- Alfonso Cuaron, Gravity
- Paul Greengrass, Captain Phillips
- Steve McQueen, 12 Years a Slave
- David O. Russell, American Hustle
- Martin Scorsese, The Wolf of Wall Street
You know, it's probably not a good idea to go with the exact same five DGA nominees, because the Oscar lineup here is almost always 3/5 or 4//5 with DGA. But for the life of me, I cannot figure out who to leave out in this category. Cuaron, McQueen and Russell are locked. The other two are shakier, but Captain Phillips has been one of the absolute strongest contenders in every single guild, plus BAFTA, and the director's branch likes Greengrass, having given him a lone director nomination once before, for United 93. And Scorsese? Well, he's Scorsese. Yes, the movie was bold, brash, and probably turned off a lot of Academy voters, but again, they admire that kind of vision in the directors branch and often reward bold turns. Spike Jonze would be the most likely alternate here, and he could replace either of those two I suppose. Other longshots might be the Coens or Alexander Payne. But, I think I'm just going to stick with the DGA five- I wouldn't be surprised if Jonze got in though.
- 12 Years a Slave
- American Hustle
- Captain Phillips
- Dallas Buyers Club*
- The Wolf of Wall Street
Ok, here we go. In Best Picture, I really feel that five movies are guaranteed, and if we still had just five nominees there's no doubt they'd be the contenders. Those are 12 Years a Slave, Gravity, Captain Phillips, American Hustle and Nebraska. As we get down to 9, it's tougher, but I think Wolf of Wall Street showed enough strength in the guilds and has enough passion to get in (even if some people hate it, passion matters more, because to get into Best Picture under this new system, what you need more than anything is #1 votes. If a movie is loved by some and hated by others, it will probably get in thanks to those people who loved it and put at #1 on their ballot).

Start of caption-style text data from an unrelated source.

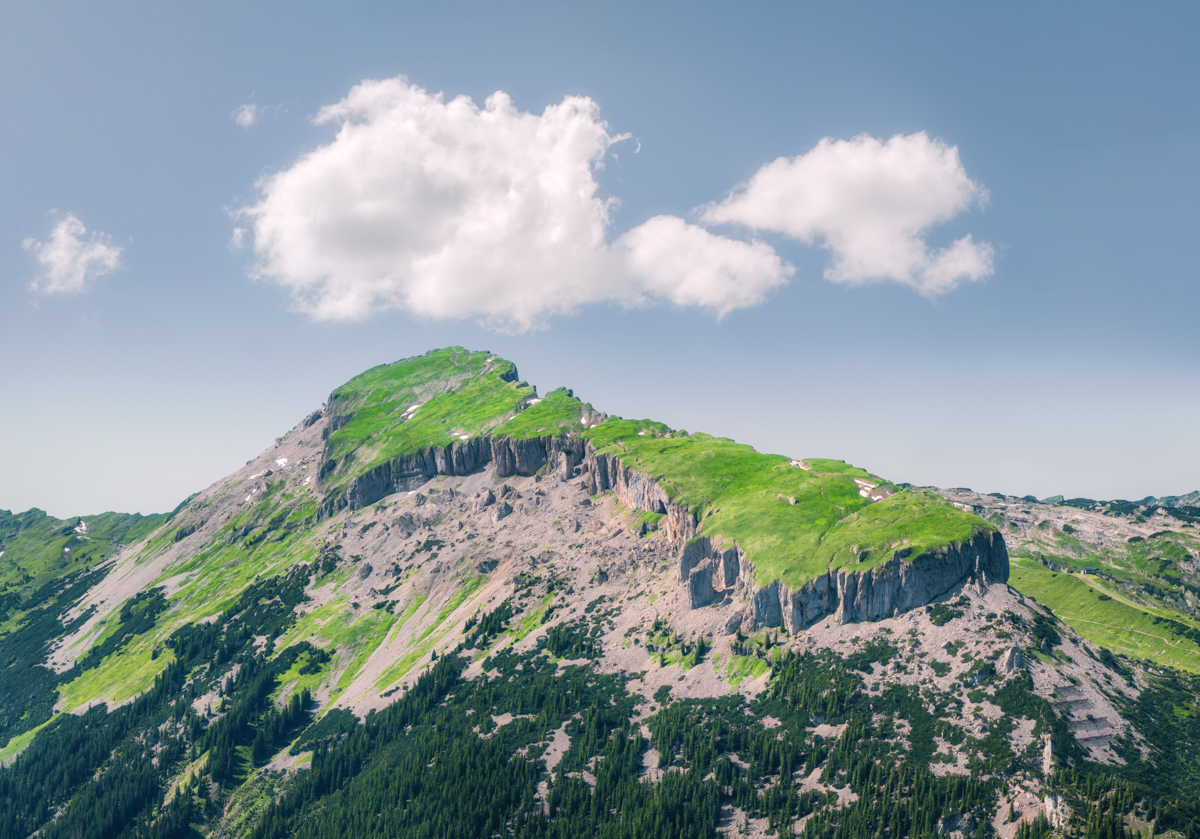 Kleinwalsertal, Hoher Ifen mit markanter Felsplatte und grünen Almhängen im Sommer, Walmendinger Horn und Grasberg unter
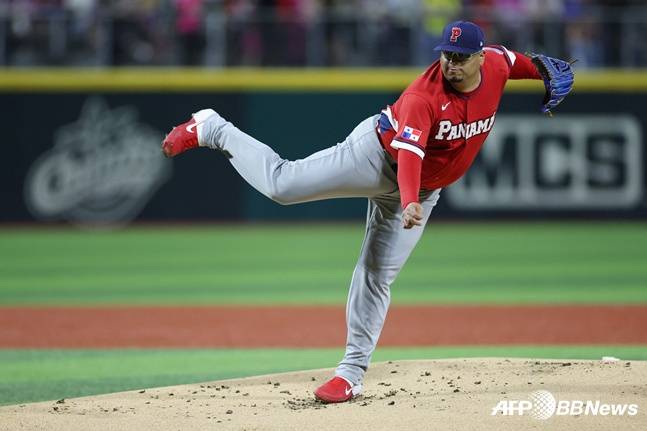 후라도가 투구를 하고 있다. /AFPBBNews=뉴스1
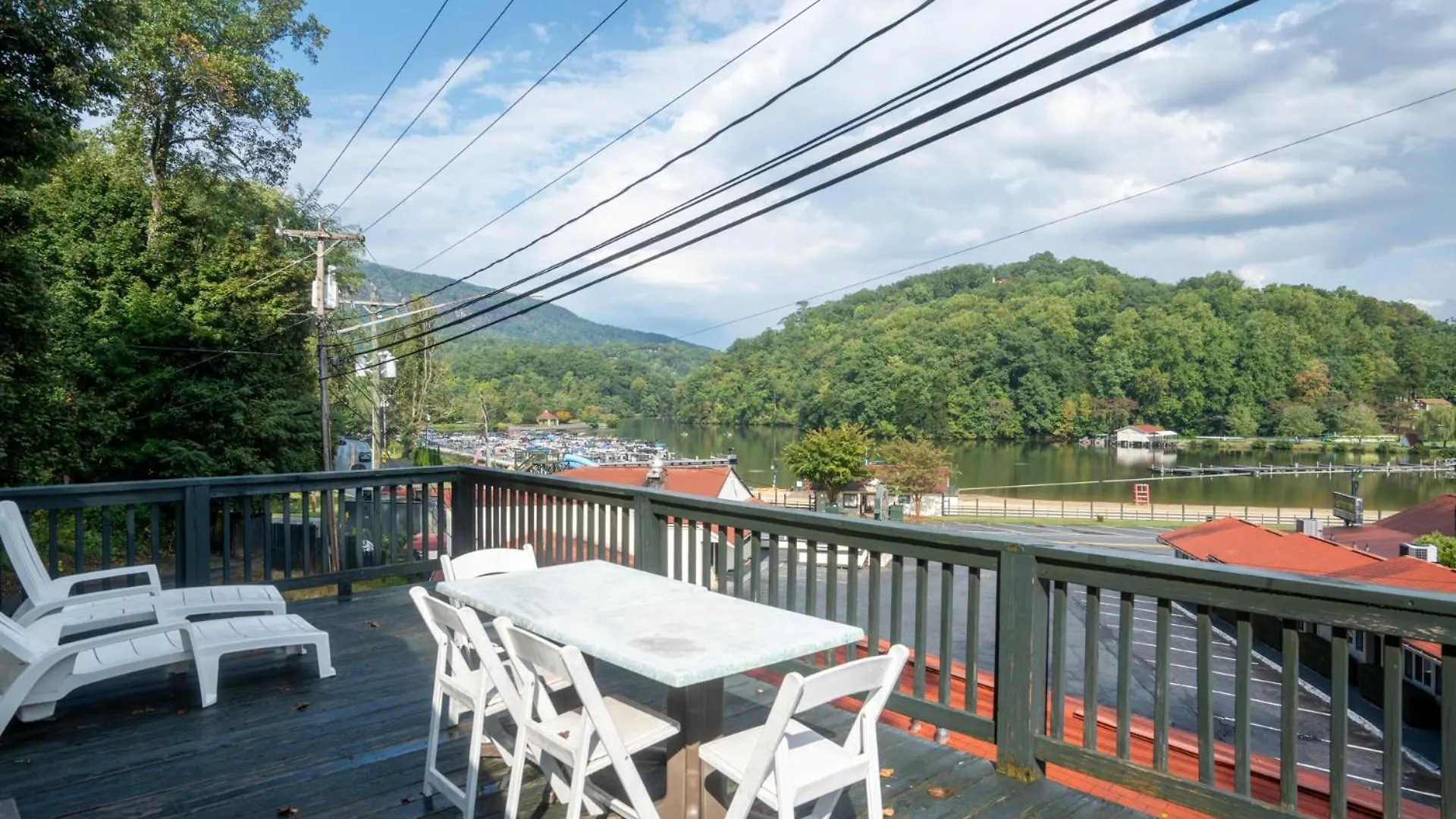 Lure And 3* Lake Lure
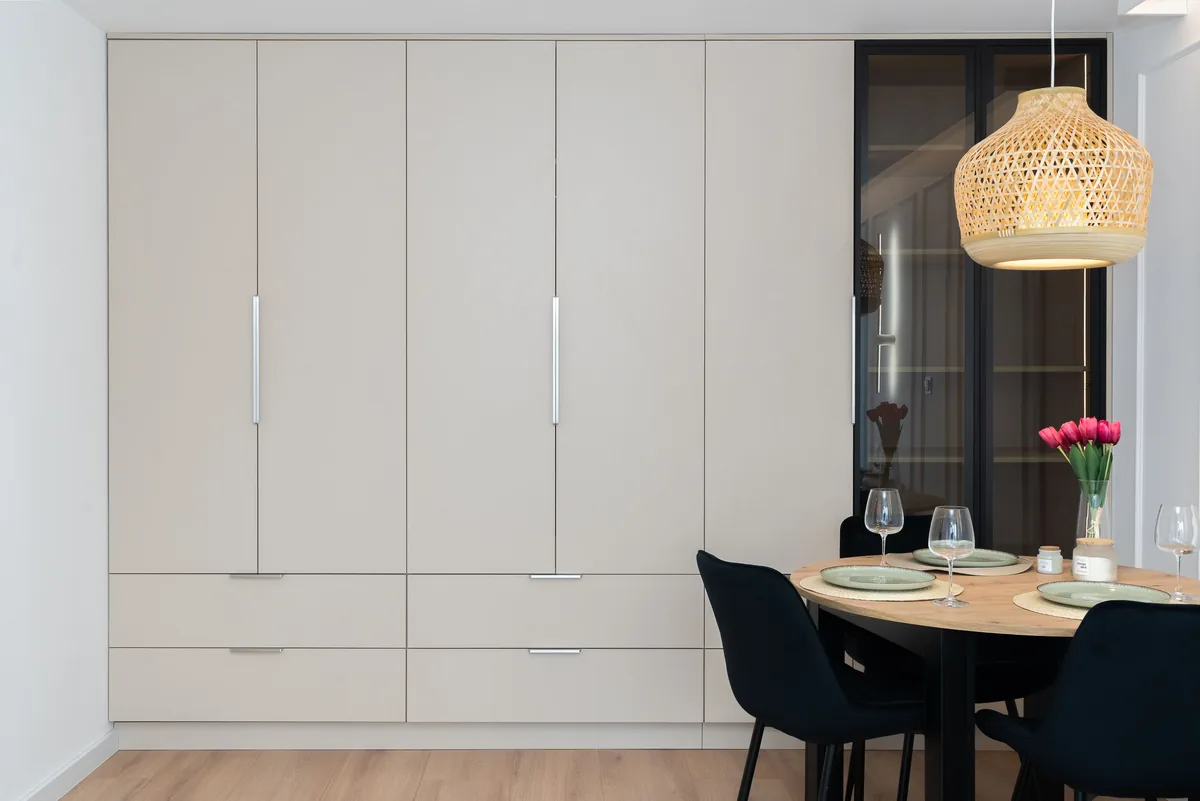 Open-plan kitchen and dining room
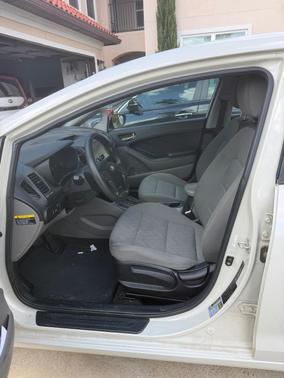 White 2015 Kia Forte LX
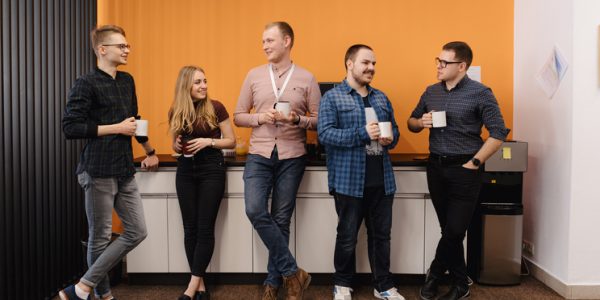 How to Network Like a Pro and Build Meaningful Connections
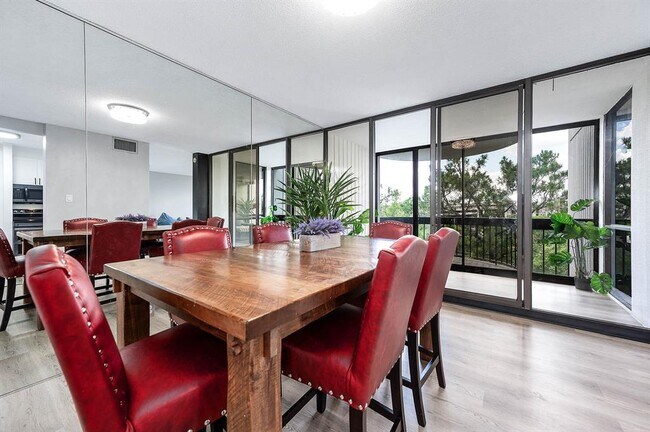 Building Photo - 5001 Woodway Dr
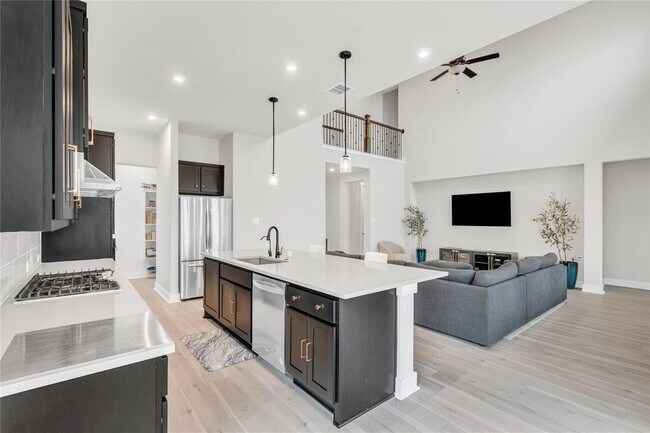 Building Photo - 213 Palatino Bnd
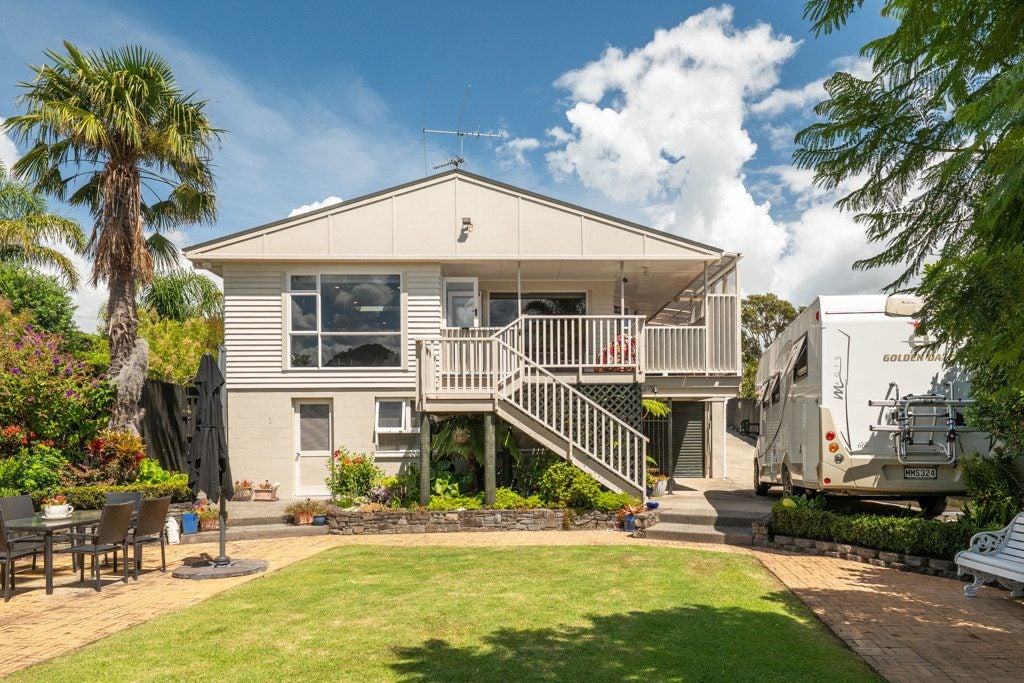 213 Tony Avenue, Thames, Thames - Carousel 1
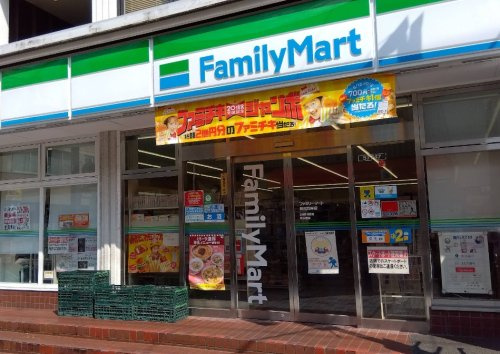 コンビニ　ファミリーマート鵠沼海岸店（コンビニ）まで86m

In seventh, I think it's probably Dallas Buyers Club, which surprisingly had a very strong guild showing, which means industry voters loved that movie too. And then it gets rough for those last two slots. Under the preferential ballot system, it's nearly mathematically impossible to get to ten, so for the last two years we've had nine nominees- I'm just assuming that's going to happen again. Saving Mr. Banks did fairly well in guild nominations and that's a very Oscar-baity, nice, corporate friendly movie that plays well with old people, but then again so is Philomena- it's kind of a tossup there, but I'm guessing Philomena...and for the last slot I'm going to go with Her. This was a movie beloved by critics and did place in PGA- it seems like a film that has a lot of passion behind it, although I still wonder if that passion is mostly with actual critics and not necessarily voters. But I'm going to say it makes it anyway.
The other movies with an equal chance of getting into one of those last three slots are probably Blue Jasmine and Inside Llewyn Davis. I hung onto Llewyn Davis for quite a while because there IS a significant and historical precedent for Coen Brothers films making it into Best Picture (even A Serious Man did it a few years ago) but this one was so completely rejected by all the guilds that I just don't see it sneaking in any more. It'd have to be on passion alone, which is possible, but I'm placing my money on Her instead.